**Problem statement:** Your output should be the lines of the data that follow, reproduced exactly from the first through the line bearing "Wolf howling at".

**Extracted data:**
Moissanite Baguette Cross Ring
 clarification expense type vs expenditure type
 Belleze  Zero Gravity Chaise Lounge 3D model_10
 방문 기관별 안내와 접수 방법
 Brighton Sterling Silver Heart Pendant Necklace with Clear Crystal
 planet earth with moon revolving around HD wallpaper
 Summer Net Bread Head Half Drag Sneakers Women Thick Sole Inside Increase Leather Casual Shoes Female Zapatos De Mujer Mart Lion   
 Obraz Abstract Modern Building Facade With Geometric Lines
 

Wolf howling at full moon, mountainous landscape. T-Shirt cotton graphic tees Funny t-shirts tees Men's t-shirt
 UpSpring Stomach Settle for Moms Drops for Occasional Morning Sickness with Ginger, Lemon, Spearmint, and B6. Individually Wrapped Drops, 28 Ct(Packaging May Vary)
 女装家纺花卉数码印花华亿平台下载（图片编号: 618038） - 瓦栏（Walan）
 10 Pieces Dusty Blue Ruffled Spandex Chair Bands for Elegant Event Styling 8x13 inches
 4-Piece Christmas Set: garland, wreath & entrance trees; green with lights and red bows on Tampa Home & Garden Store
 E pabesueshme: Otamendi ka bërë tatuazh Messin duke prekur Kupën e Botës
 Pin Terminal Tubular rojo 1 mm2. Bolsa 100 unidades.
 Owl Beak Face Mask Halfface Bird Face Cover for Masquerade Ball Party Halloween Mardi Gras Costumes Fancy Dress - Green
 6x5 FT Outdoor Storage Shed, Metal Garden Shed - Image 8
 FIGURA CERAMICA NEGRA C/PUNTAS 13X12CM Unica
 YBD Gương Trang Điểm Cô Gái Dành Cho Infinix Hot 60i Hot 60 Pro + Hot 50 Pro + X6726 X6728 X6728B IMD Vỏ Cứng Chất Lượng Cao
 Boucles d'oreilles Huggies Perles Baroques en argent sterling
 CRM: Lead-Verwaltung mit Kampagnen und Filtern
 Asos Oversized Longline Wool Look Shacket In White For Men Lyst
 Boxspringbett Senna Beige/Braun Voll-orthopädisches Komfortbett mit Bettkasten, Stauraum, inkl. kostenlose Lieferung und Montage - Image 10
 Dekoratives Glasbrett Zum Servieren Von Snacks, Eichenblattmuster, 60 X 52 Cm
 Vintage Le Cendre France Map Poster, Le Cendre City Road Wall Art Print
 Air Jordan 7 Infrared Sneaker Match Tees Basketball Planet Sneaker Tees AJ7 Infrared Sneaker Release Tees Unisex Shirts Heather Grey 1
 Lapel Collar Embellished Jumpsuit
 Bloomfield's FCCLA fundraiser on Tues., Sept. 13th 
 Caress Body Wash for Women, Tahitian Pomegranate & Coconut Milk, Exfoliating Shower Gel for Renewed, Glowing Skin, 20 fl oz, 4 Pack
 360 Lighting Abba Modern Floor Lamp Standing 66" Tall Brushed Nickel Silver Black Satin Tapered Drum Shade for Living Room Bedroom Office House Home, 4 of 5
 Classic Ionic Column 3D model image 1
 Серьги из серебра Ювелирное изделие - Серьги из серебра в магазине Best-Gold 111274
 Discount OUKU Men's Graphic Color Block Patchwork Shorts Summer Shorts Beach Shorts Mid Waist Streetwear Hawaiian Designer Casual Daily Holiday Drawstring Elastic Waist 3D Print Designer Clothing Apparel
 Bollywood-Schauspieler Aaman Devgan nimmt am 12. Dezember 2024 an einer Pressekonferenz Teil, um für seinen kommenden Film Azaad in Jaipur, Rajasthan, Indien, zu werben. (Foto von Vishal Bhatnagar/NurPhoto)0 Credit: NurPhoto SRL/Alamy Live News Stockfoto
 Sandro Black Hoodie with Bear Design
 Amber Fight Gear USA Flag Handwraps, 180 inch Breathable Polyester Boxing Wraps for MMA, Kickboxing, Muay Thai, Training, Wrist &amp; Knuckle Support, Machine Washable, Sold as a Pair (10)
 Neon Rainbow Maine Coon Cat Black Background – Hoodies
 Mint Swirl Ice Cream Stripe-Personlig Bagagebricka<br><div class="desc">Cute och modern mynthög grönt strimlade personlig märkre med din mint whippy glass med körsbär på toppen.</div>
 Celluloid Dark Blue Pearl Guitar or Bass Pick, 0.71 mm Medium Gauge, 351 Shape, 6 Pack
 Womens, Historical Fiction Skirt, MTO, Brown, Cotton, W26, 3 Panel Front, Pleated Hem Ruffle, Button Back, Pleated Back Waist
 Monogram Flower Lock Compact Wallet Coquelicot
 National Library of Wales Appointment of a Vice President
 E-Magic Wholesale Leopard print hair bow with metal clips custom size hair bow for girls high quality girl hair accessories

**Answer box:**
Moissanite Baguette Cross Ring
 clarification expense type vs expenditure type
 Belleze  Zero Gravity Chaise Lounge 3D model_10
 방문 기관별 안내와 접수 방법
 Brighton Sterling Silver Heart Pendant Necklace with Clear Crystal
 planet earth with moon revolving around HD wallpaper
 Summer Net Bread Head Half Drag Sneakers Women Thick Sole Inside Increase Leather Casual Shoes Female Zapatos De Mujer Mart Lion   
 Obraz Abstract Modern Building Facade With Geometric Lines
 

Wolf howling at full moon, mountainous landscape. T-Shirt cotton graphic tees Funny t-shirts tees Men's t-shirt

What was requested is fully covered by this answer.